Professor Daniel Clark gets much more out of his job than a paycheck.

“I enjoy challenging students to be better thinkers and writers,” said Clark, who teaches history. “After taking my class, I hope they will be able to think through problems from a variety of perspectives, while also being able to evaluate sources critically.”

 

He grew up in Midland in the shadow of the Dow Chemical Co. during the Vietnam War era. Clark recalled a day when he was in elementary school during the height of the protests.

“Midland is dependent on Dow Chemical, while Dow Chemical held large government contracts to produce war materiel like napalm and Agent Orange,” Clark said. “My dad drove me and my sister to elementary school one day, which happened to be the same day Dow Chemical was holding its stockholders’ convention.

“When we got to the school, there were massive protests outside the front of the school. When I asked my dad about the protesters, he told me that the protesters were no good and that I shouldn’t pay attention to them. My father worked for the Dow Chemical Co., so when he told me what he had he told me, this only stoked my curiosity about the issue.”

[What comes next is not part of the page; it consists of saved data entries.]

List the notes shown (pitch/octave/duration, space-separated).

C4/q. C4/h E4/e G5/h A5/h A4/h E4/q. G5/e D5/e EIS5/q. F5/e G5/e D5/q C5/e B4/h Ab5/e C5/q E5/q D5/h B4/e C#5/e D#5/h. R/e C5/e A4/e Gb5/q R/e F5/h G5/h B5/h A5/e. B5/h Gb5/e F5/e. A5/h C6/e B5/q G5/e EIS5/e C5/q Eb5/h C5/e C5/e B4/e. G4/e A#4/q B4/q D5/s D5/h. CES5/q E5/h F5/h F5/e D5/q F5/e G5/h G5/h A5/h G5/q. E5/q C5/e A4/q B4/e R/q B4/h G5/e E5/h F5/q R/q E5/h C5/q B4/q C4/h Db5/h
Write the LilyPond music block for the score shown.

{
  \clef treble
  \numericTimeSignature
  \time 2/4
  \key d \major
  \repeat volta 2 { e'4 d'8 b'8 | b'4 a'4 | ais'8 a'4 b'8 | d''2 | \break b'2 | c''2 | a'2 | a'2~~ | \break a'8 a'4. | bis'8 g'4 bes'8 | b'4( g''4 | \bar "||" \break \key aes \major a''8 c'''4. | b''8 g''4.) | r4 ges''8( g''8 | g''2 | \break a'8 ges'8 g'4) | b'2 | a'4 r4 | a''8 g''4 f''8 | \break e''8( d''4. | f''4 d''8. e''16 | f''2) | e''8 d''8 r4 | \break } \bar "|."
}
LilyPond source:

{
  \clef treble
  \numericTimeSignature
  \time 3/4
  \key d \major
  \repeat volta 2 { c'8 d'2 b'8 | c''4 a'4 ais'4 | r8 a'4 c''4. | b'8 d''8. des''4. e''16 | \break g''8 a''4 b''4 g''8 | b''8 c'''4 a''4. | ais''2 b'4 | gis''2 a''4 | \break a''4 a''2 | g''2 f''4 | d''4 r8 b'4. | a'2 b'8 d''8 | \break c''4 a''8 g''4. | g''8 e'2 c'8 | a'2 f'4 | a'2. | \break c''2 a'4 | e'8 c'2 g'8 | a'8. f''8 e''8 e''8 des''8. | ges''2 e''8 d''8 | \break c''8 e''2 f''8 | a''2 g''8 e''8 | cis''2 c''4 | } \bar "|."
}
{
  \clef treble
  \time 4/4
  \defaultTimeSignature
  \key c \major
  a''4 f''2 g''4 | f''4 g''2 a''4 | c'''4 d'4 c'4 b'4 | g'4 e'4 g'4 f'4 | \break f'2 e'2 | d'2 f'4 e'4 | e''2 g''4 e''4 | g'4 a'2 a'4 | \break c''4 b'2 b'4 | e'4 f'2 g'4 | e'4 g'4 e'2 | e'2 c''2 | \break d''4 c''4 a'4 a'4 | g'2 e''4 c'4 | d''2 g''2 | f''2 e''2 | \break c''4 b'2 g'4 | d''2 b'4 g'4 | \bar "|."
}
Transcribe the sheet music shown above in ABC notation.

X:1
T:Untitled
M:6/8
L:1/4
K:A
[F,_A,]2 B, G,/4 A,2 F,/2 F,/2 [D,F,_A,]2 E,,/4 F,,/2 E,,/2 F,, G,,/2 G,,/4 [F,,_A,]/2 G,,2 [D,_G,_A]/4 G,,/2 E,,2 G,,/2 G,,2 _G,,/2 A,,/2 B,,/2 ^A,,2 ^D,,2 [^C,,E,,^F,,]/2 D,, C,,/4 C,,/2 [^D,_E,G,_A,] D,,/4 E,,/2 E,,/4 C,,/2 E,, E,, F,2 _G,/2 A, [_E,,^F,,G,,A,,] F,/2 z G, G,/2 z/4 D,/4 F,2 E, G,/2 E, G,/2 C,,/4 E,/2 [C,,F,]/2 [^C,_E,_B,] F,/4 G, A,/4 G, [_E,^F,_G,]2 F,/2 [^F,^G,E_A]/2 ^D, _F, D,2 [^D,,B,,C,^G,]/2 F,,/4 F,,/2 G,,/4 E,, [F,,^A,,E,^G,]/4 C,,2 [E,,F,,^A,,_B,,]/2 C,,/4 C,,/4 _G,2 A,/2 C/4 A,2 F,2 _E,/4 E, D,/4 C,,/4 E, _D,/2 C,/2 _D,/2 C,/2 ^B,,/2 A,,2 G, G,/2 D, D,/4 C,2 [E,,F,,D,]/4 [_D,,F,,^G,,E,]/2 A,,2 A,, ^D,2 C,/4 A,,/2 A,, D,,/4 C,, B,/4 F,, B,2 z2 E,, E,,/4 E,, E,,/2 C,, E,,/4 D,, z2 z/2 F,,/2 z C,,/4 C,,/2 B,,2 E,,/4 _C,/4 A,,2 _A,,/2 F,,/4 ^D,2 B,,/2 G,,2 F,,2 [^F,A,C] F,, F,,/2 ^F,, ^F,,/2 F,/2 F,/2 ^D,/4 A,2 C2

Clark was a self described, wide-eyed youth, who rooted for all the Detroit based teams when he was growing up.

“As a kid I used to listen to the Detroit Tigers during the 1968 season on a transistor radio when I was supposed was to be asleep,” he said. “When Ernie Harwell told me Gates Brown ‘hit that ball a mile’, I literally believed him.”

After graduating high school, Clark attended Albion College. He received a bachelor’s degree in history.

During his time at Albion, Clark spent a year studying abroad at the University of Sussex in England. He even got to travel to the U.S.S.R during the early ’80s to visit his brother who was studying Leningrad at the time.

Following undergrad, Clark continued his education at Duke University, where he received a master’s degree and a doctorate degree in history.

Although he has a number of outstanding degrees in the study of history, he originally was not on track to become a professor.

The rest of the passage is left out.